“It was a danger on January 6th,” said Raskin, who served on the House select committee that investigated the Jan. 6 Capitol riots, “There are so many curving by-ways and nooks and crannies in the Electoral College that there are opportunities for a lot of strategic mischief.”
The Electoral College was created by the Founding Fathers in the U.S. Constitution; the Electoral Count Act of 1887 has guided practical aspects of how it functions for well over a century.
Changes to the Electoral Count Act were included in the omnibus spending bill that the House and Senate passed last week. Those changes are designed to block some of what then-President Donald Trump and his allies tried to do in an attempt to overturn the results of the 2020 presidential election.
Raskin said he backed those reforms, but that they didn’t go far enough.

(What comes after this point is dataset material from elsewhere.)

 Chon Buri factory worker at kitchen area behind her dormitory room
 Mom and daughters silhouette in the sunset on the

“I’m for that. That’s the very least we can do and we must do,” he said. “It’s necessary, but it’s not remotely sufficient.”

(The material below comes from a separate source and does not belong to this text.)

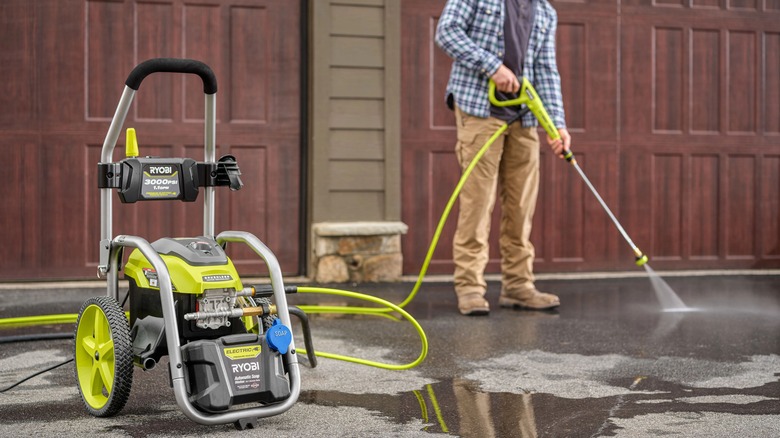 A man cleaning a floor with a Ryobi pressure washer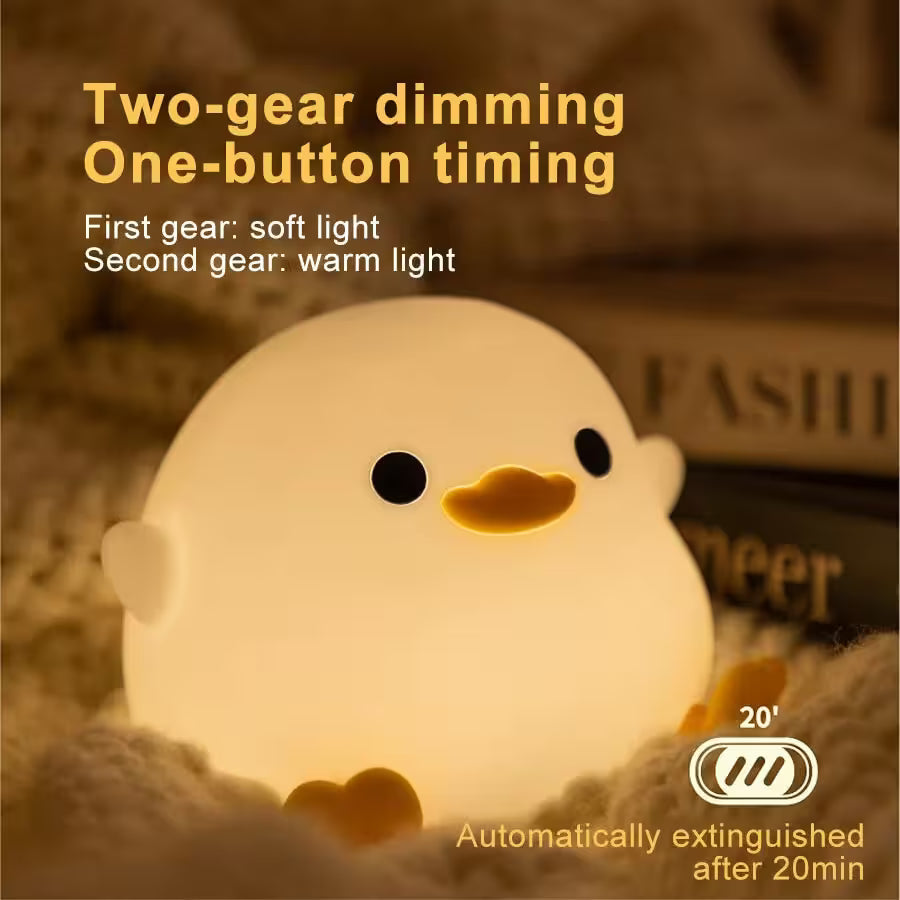 Cute duck-shaped night light with two-gear dimming and one-button timing features on a soft background.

Trump in 2016 was the most recent candidate to win the presidency despite losing the popular vote; he defeated Democratic candidate Hillary Clinton despite losing by almost 3 million votes. Others to do so were George W. Bush in 2000, Benjamin Harrison in 1888, Rutherford B. Hayes in 1876, and John Quincy Adams in 1824.
Raskin said the Electoral College is one aspect of the American system that has little appeal internationally.
“We spend hundreds of millions of dollars every year exporting American democracy to other countries,” he said to host Margaret Brennan, “and the one thing they never come back to us with is the idea that, oh, that Electoral College thing you have that’s so great. We think we’ll adopt that, too.”